ABSTRACT
This chapter seeks to further examine the various trafficking contests and problems and considers whether a migration order framework based on the work of Van Hear (1998) or a consideration in the specific form of a crisis in a transitional migration order 1 and analytical matrix might offer a useful means to understanding the experiences of trafficked women. This chapter takes seemingly disparate aspects of the various trafficking problems and suggests that it is possible to accommodate many of these supposedly conflicting experiences within the various layers of a crisis in a transitional migration order (Van Hear 1998). An analytical matrix is used for assisting these considerations. Such an integrated conceptualisation of trafficking is then proposed as a better way of explaining and understanding trafficking than the current theories which are often based on more limited notions of migration or economic theory. This chapter also analyses how the most commonly presented focal problem of trafficking is conceptualised which consequently then influences how trafficking is theorised. This analysis will examine how this focal problem drives anti-trafficking interventions and whether trafficking is an event that is experienced beyond the remit of any single focal problem.
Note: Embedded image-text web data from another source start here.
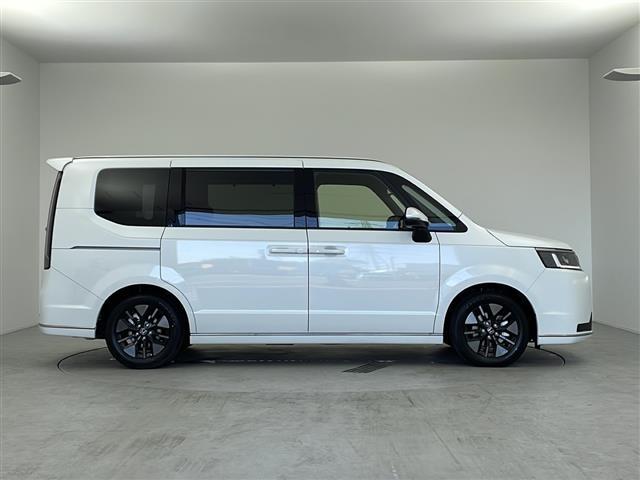 ステップワゴン ｅ：ＨＥＶスパーダ　登録済未使用車　純正１１．４インチナビ　Ｂｌｕｅｔｏｏｔｈ／フルセグＴＶ／ＤＶＤ／ＡｐｐｌｅＣａｒＰｌａｙ　ハーフレザーシート　Ｄ／Ｎシートヒーター　パワーバックドア　両側パワースライドドア　ＬＥＤ（40枚目）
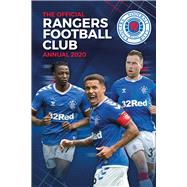 The Official Rangers Soccer Club Annual 2021 by Kiddie, Paul, 9781913578039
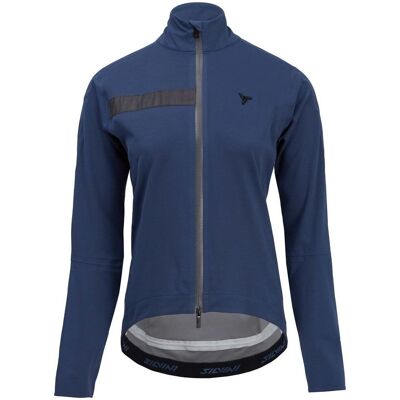 Silvini Membrana Tempesta Azul - Wasserdichte Radjacke Silvini Membrana Tempesta Azul - Wasserdichte Radjacke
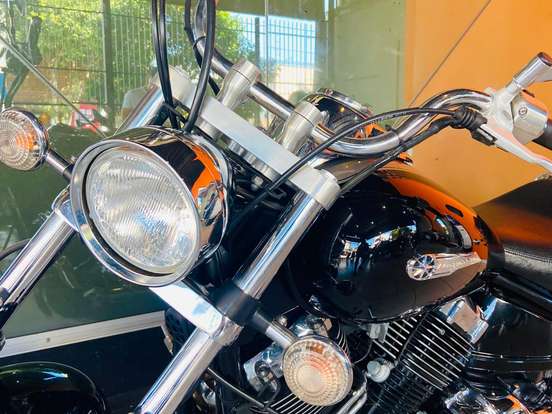 YAMAHA-DRAG STAR 650 YAMAHA-DRAG STAR 650-2007
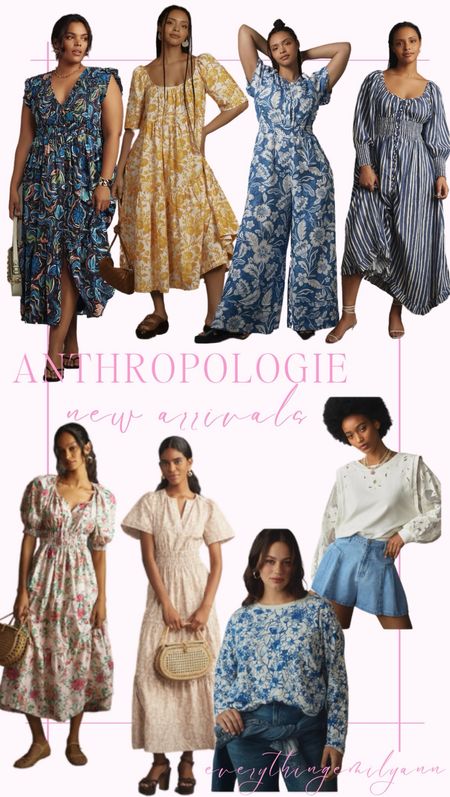 20% off full price clothing, accessories, and beauty with code ANTHRO20🎉

#LTKplussize #LTKSpringSale #LTKsalealert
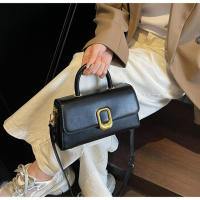 Bolso Messenger de Alta Textura y Ligero Diseño Sencillo, Versátil y Portátil para Mujeres - details 23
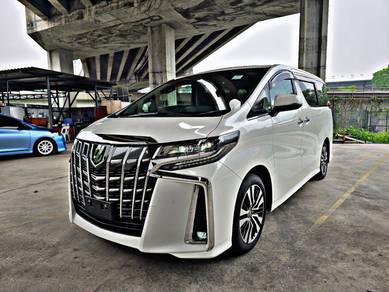 Toyota Alphard SC in Cheras, KUL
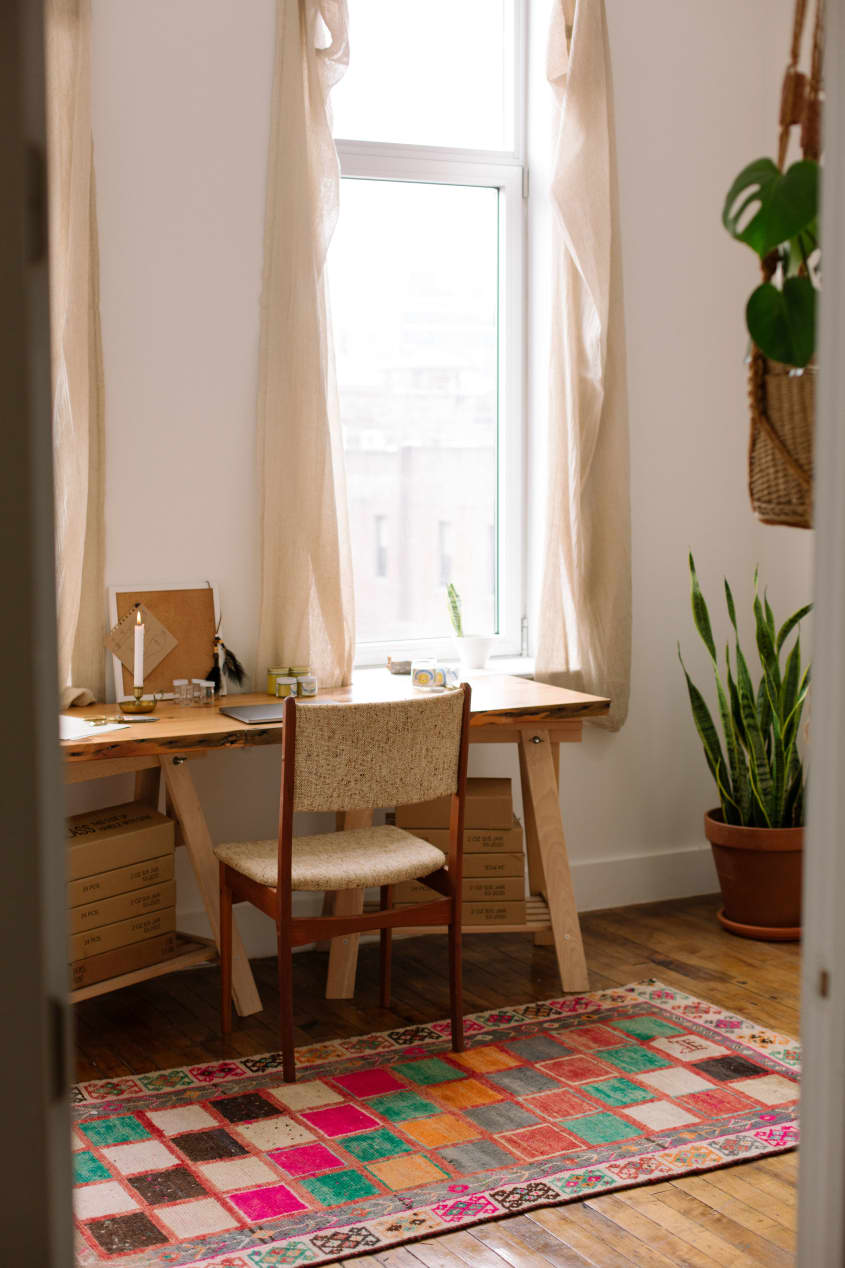Zero Waste Decor and Lifestyle Tips and Home Photos | Apartment Therapy - Zero Waste Apartment Tips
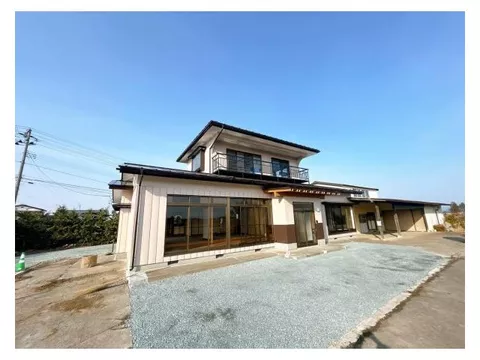 [Open House] Interior and exterior renovation planned / Water facilities replacement / Parking for 5 cars / Garden space available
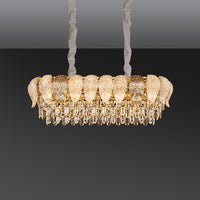 WOMO Luxury Crystal Chandelier-WM3044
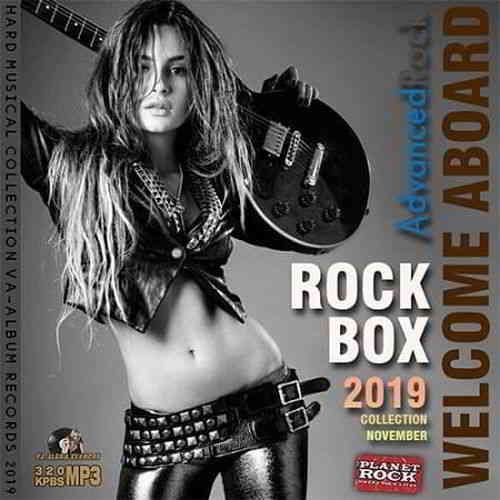 Welcome Aboard: Advanced Rock Box 2019 торрентом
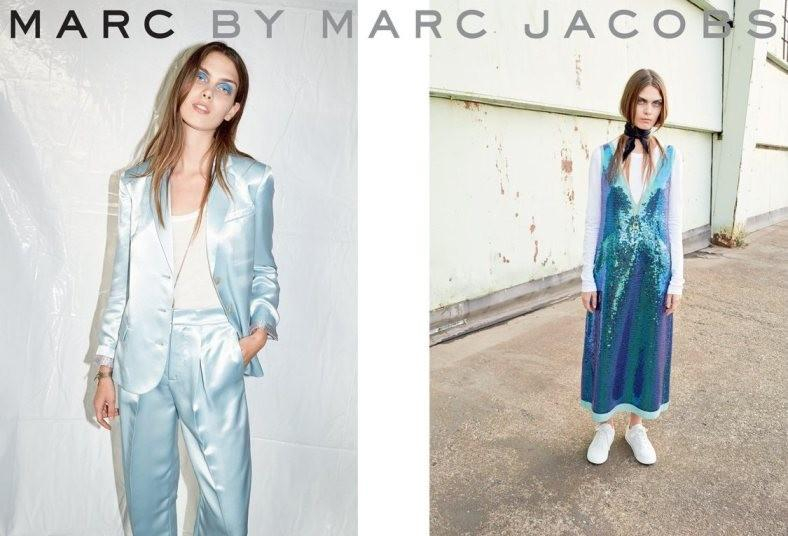 Kampania Marc by Marc Jacobs wiosna-lato 2014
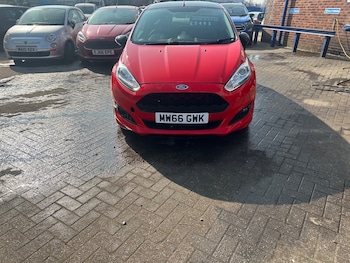 Used Ford Fiesta 2016 for sale - 78366587: Photo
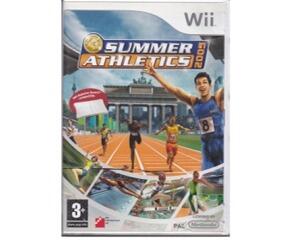 Summer Athletics 2009 (Wii)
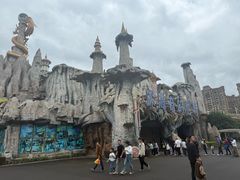 -福州罗源湾海洋世界旅游区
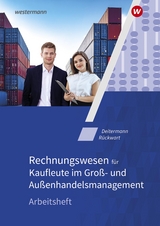 Rechnungswesen für Kaufleute im Groß- und Außenhandelsmanagement - Stobbe, Susanne; Rückwart, Wolf-Dieter; Deitermann, Manfred; Flader, Björn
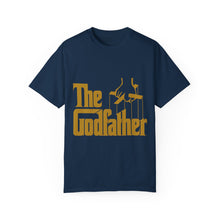 The Godfather - Unisex Garment-Dyed T-shirt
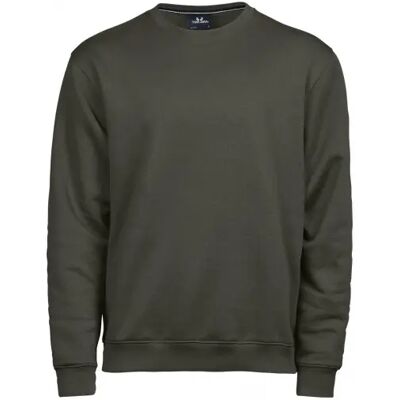 Sweatshirt Tee Jays Heavy Vert 3XL Sweatshirt Tee Jays Heavy Vert 3XL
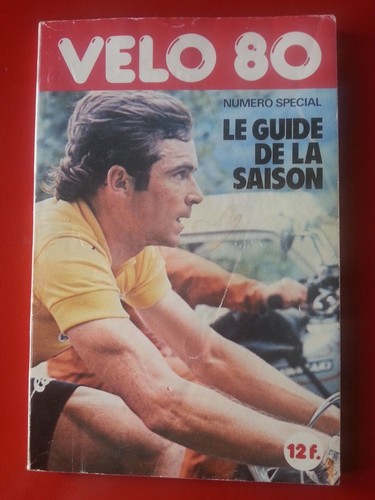 Cyclisme velo guide de - cyclisme, 80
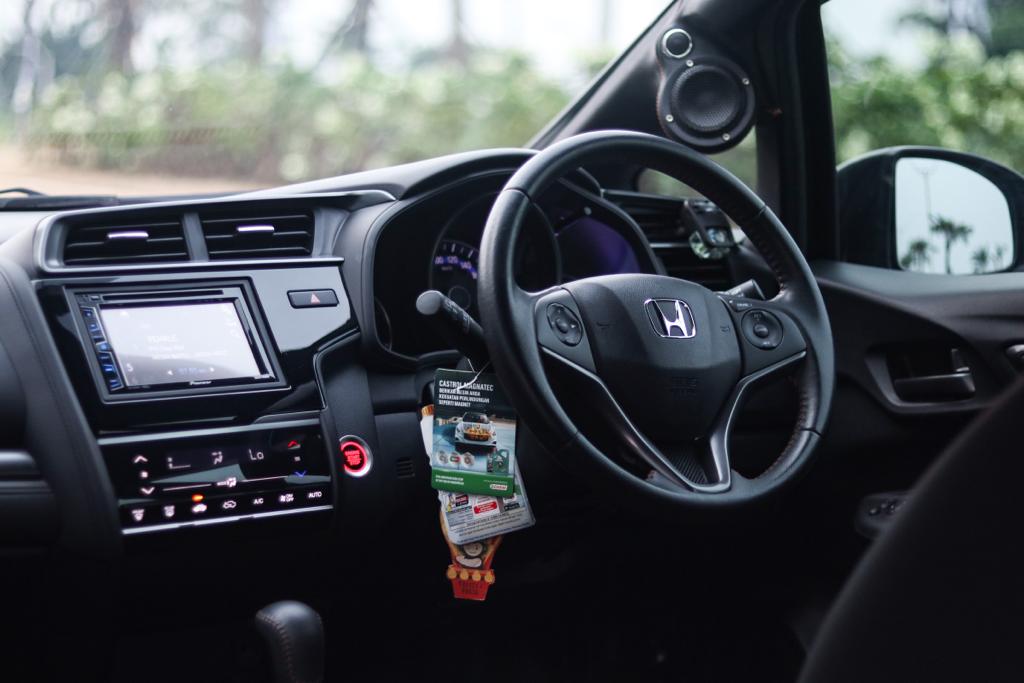 2017 Honda Jazz 2017 Honda Jazz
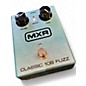 Used MXR CLASSIC 108 FUZZ Effect Pedal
An analysis of these interventions will then identify if the trafficking problems have been correctly prioritised, as a failure to reduce or mitigate trafficking through the interventions would suggest either that:
the interventions have been inadequately implemented
such interventions are an inadequate response to the problem
the supposed problem is not the focal problem of trafficking
trafficking has a number of key focal problems that must be addressed simultaneously
or the conceptualisation that identified the focal problem is flawed.